Print this page

Musical Perceptions, Ed. Rita Aiello with John A. Sloboda

October 31, 1994

perceptionsMusical Perceptions, Ed. Rita Aiello with John A. Sloboda. Oxford University Press, USA (1994). ISBN-13: 978-0195064766.

No musician can avoid thinking about how music is perceived; a few music researchers concern themselves with the subject as such. Musical Perceptions , a new collection of essays edited by Rita Aiello, with John A. Sloboda (New York: Oxford University Press, 1994), also names that field of research. If the name seems to describe the study of how people listen to music, researchers in the field concern themselves with an even broader subject -- the nature of musical cognition, or the conceptualization involved in creating and recreating and listening to music, or the psychology of music. This book is valuable to musicians of all kinds because it shows us the range of thinking that has been done by many of the best people in a rich field of musical and psychological researchers, beginning with a reprinting of the opening chapter of Leonard Meyer's Emotion and Meaning in Music (1956) and ending with editor Aiello's current hopes for future work in the field.

Readers might want to begin with the chapters most directly concerned with their own fields of music -- music theorists with Nicholas Cook's "Perception: A Perspective from Music Theory" and David Butler and Helen Brown's "Describing the Mental Representation of Tonality in Music"; performers with John Sloboda's "Music Performance: Expression and the Development of Excellence" and others. Each chapter provides plenty of references to other work on the same subject.
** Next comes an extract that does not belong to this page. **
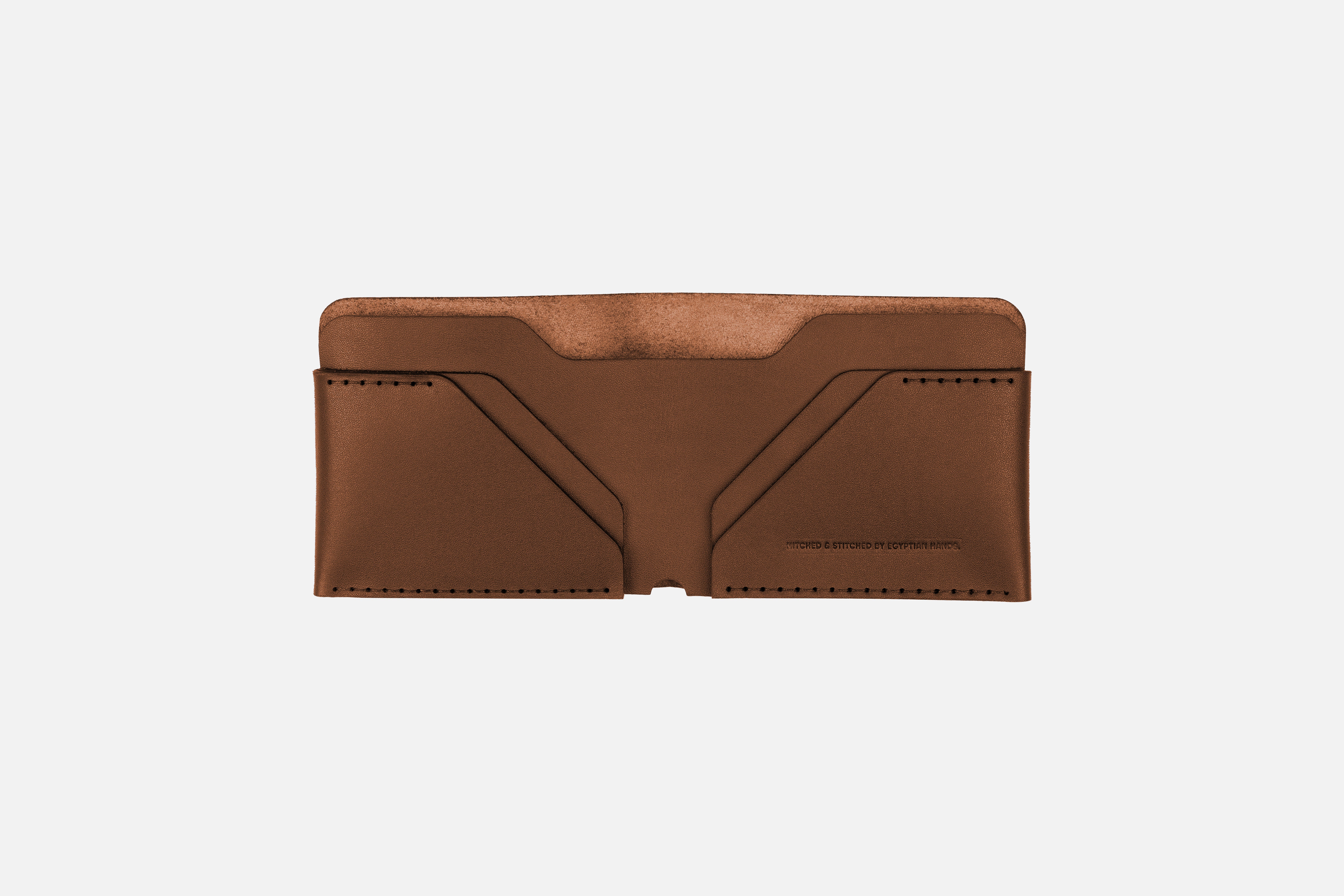 Bifold Cash Wallet - Havan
Readers looking for research on very specific issues may want to survey the whole book because a sense of field-wide habits of thought can help them understand how any one question is posed and answered. Comparisons between the perceptual abilities of young and old, or of untrained and trained subjects, for instance, are strikingly pervasive in the book, not just in the three chapters grouped under the heading "Developmental Perspectives." This constancy of comparison in turn suggests a duality of purpose in the field: on the one hand, to find better ways of training people to make and listen to music, and, on the other hand, to understand better what people have music for in the first place. A masterful example of serving both purposes at once is Jeanne Bamberger's chapter, "Coming to Hear in a New Way." There, in the course of an imaginary dialogue with two students who hear and represent the same rhythmic pattern in very different ways, she shows how "coming to hear in a new way" can mean not replacing a poorer mode of perception with a better one, but becoming more conscious of how one's mind works by comparing one mode of perception to another.
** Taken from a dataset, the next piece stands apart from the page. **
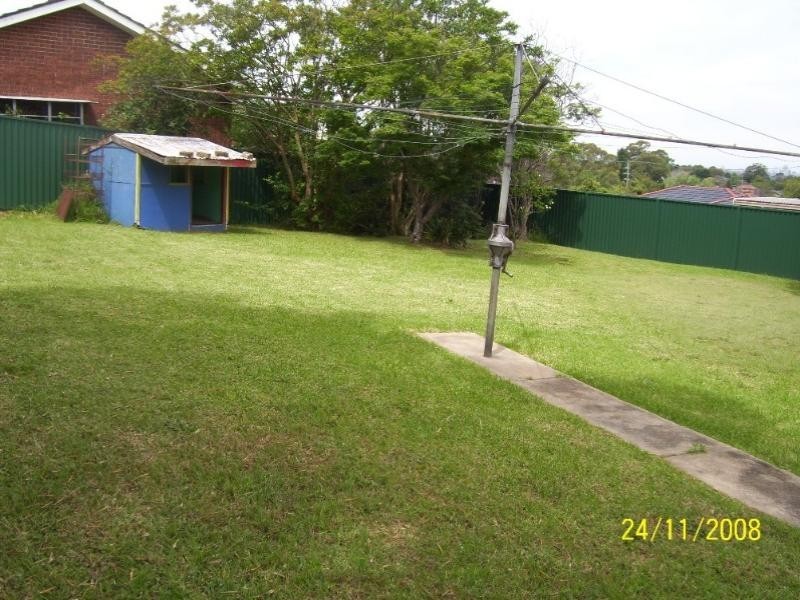 25 Hancott Street, Ryde NSW 2112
Surveying the entire book also reveals how much the research on musical perception has relied on models borrowed from the study of nonmusical modes of perception or thought: Chomskian models of language (Aiello's chapter on music and language), Piagetian models of operational knowledge (Lyle Davidson, "Songsinging by Young and Old"), Gestalt models of visual perception (W. Jay Dowling on melodic contour), connectionist or neural network modeling (Jamshed Bharucha, "Tonality and Expectation"). The vitality of the field can be traced in large part to the variety of stimuli that these borrowed models provide. I wonder, though, if music researchers excited over a new model in another field don't sometimes leap too readily to test its possibilities in music by experiment. Positive results of some sort are always obtained, and that in itself merely strengthens my suspicion that little more is being confirmed in the long run than that musical perception is a form of perception.

In this context I find Nicholas Cook's chapter "Perception: A Perspective from Music Theory" particularly clarifying. This chapter is largely devoted to resisting claims that tend to draw music theory and music psychology together, such as the claim of Lehrdahl and Jackendoff in A Generative Theory of Tonal Music (1983) that composition and listening should operate by the same rules. In discussing this and other studies, Cook makes a strong case for the dissimilarity of music and language, especially in grammar -- the respect in which they have been compared most often by music psychologists. In the end, Cook uses the contrast with music psychology to produce a provocative account of the nature of music theory: "The aim of music theory, then, is to go beyond perception" (p. 89).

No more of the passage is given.